Since Nick Kamen's unforgettable strip in the 1985 'Launderette' ad, accompanied by Marvin Gaye's I Heard It Through the Grapevine, activity for Levi 501s has been synonymous with music.
But in the first TV ads for the brand since 1998, its creative agency, Bartle Bogle Hegarty, decided to reflect the jeans' originality by using dialogue for the first time.
'Hot Dog' is one of three executions for the range and appears in this week's Adwatch table at number 17, with a recall of 38%.
It features a man walking up to a fast-food stand and asking the girl behind the counter for a hot dog.
She passes him one, but instead of reaching for ketchup or mustard, he grabs a bottle of chocolate sauce.

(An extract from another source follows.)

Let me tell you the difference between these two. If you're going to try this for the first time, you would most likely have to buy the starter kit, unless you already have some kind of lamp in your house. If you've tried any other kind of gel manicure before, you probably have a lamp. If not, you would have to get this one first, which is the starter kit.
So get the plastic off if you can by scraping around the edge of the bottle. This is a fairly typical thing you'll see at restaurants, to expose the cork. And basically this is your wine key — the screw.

"People say that chocolate sauce doesn't go good with hot dogs," he says - to which she replies that's because "it doesn't fit". But he counters by asking: "Why does everything have to fit? Look at my skinny ass in these jeans right here. They don't fit, but they look good."
The man then takes a bite of the hot dog - and promptly spits it out.

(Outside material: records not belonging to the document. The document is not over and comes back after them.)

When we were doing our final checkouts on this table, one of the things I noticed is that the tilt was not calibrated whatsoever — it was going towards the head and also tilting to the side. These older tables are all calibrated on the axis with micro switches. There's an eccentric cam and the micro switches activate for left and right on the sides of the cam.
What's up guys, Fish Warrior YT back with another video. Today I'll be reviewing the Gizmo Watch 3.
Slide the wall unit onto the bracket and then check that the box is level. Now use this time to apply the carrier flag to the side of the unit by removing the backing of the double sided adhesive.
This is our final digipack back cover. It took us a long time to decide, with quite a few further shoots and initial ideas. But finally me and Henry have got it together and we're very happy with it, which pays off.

The ad closes with the tagline 'Levi's 501 jeans with anti-fit'.
"The ad flags up the fact that the jeans have been remodelled and modernised," says BBH business director Rob Farmer. "We wanted to communicate in a different way from the old ad formula. It still needed to feel like a 501 ad, but be a slice of life with real people talking about the jeans."
The other two ads in the campaign - 'Doorman' and 'Hispanic'- also adopt a personal approach through discourse. The three 30-second TV executions are accompanied by five ten-second spots, that feature fresh creative rather than being cut-downs.
The work is part of wider activity that includes an updated Levi's web site with a dedicated 501 area, an outdoor campaign bought by Poster Publicity, print ads in lifestyle magazines and radio work. Media was by Starcom Motive.